Figure 15. Depicts Cerebellar tDCS that is applied in an ongoing study designed to improve implicit learning rates.

Figure 15. Depicts Cerebellar tDCS that is applied in an ongoing study designed to improve implicit learning rates.

Figure 16. Facial EMG assessed during emotionally valenced film task.

Figure 16. Facial EMG assessed during emotionally valenced film task.

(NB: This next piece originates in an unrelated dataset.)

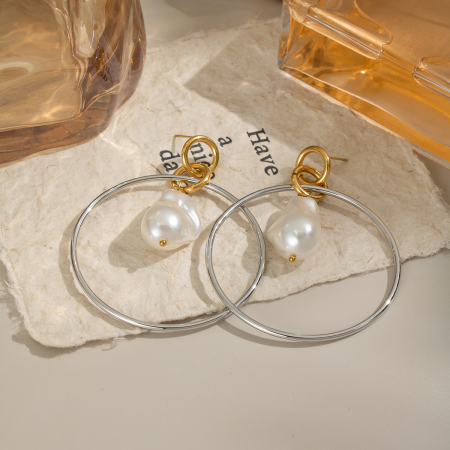 Boucles d'oreilles pendantes rondes en acier inoxydable étanche, couleur or, avec perles (1 paire). 2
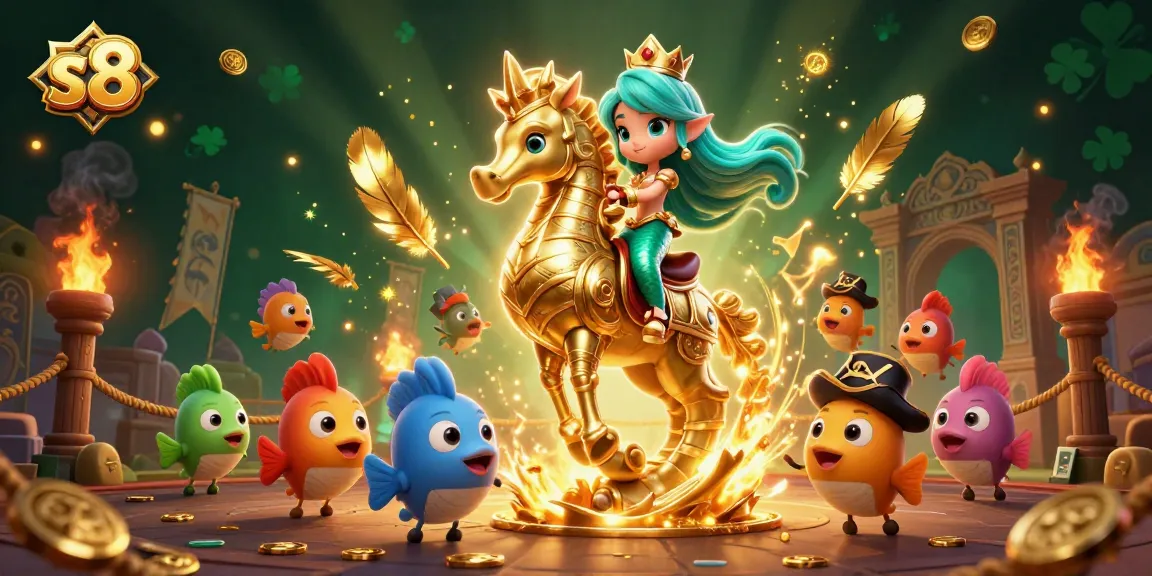 Experience thrilling gameplay with the s8 online casino mermaid princess riding a seahorse amidst vibrant casino elements.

In addition to our own primary areas of expertise, the ADAPT lab also works actively with several collaborators to employ innovative methodologies for examining our guiding research questions (involving frontal subcortical circuits, hippocampal function, and neural/endocrine development) as well as mediating factors (e.g., substance use and inflammation).  Collectively, we employ advanced multi-modal imaging (Figure 14), instrumental and VR assessments of movement and cognitive behavior,  automated nonverbal behavior and emotive evaluation, hormone analysis (blood, saliva, and hair analysis),  transcranial direct current stimulation (tDCS) (see Figure 15), auditory analysis, experienced sampling/actigraphy, stress sensitivity, aerobic fitness assessment (V02 Max), computerized linguistic and semantic analysis, eye tracking (employing paradigms at both 150 and 1000 hz paradigms), electroencephalography (EEG), electromyography (EMG) (Figure 16),  and inflammatory marker, DNA and RNA analysis.  Students interested in working with ADAPT will have the option to work with any of our primary or collaborator-guided methodologies.  Participants who prefer to not participate in a particular component are still largely welcome to participate in those areas that they do feel comfortable with. 

Other Interests

In addition to the two primarily research lines noted above, we are also interested in several other side studies involving graduate student projects that may eventually develop into more formalized programs and larger grant applications.  These fall under the umbrella of the lab mission (promoting etiological understanding and identifying vulnerability makers of risk for developing psychotic disorders), but also reflect unique student interests as well (that they can carry on to their own labs in the future).  To date these have involved a series of projects designed to study sleep dysfunction, Internet behaviors, and assessment/instrument development (we are focusing on developing a negative symptom instrument for high-risk youth).   The ADAPT lab is also dedicated to improving classification and assessment.  To this end we have authored several critical commentaries, reviews, and communications pertaining to the classification of movement abnormalities in psychiatric illness.  In addition, the lab works to write peer-reviewed commentaries of assessment issues that are informed by experiences with at-risk youth.  We also have recently published a new scale, designed to evaluate negative symptoms in the prodromal stage. We are also passionate about mental health advocacy and public policy.  Most recently, we collaborated with Elyn Saks (Professor of Law at USC and prestigious mental health advocate) to evaluate ethical and legal dilemmas inherent in disclosing an attenuated psychosis syndrome diagnosis to patients and families.